Caption-style text data:
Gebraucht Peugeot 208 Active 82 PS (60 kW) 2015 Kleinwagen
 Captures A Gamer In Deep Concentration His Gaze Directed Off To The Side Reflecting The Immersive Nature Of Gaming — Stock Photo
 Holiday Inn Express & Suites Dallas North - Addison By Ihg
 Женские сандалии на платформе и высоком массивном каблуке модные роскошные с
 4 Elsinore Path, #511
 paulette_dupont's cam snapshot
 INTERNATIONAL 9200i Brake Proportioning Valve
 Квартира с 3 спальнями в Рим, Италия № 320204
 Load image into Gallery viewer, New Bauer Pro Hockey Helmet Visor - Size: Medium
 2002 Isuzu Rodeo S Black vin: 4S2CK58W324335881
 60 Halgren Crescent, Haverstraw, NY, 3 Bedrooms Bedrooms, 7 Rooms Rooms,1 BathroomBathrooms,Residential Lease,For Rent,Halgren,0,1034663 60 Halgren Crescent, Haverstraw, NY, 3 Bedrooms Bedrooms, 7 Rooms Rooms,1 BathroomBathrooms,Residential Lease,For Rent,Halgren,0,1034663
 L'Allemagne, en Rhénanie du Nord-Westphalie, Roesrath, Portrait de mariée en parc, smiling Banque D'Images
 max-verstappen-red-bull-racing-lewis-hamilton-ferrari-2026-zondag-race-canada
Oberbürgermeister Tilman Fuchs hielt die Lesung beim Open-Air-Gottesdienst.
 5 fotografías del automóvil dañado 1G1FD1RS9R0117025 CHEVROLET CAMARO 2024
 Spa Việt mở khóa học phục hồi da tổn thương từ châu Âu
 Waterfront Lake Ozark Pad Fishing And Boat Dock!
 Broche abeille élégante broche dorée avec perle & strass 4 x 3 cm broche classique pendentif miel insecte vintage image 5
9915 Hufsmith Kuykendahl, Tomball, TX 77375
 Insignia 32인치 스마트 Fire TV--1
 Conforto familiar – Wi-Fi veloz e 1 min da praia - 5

_EXERCISE DETAILS_. Write out exactly those lines of the records above that lie from the one with "Broche abeille élégante" through the last line, including both.

_WRITTEN SOLUTION_.
 Broche abeille élégante broche dorée avec perle & strass 4 x 3 cm broche classique pendentif miel insecte vintage image 5
9915 Hufsmith Kuykendahl, Tomball, TX 77375
 Insignia 32인치 스마트 Fire TV--1
 Conforto familiar – Wi-Fi veloz e 1 min da praia - 5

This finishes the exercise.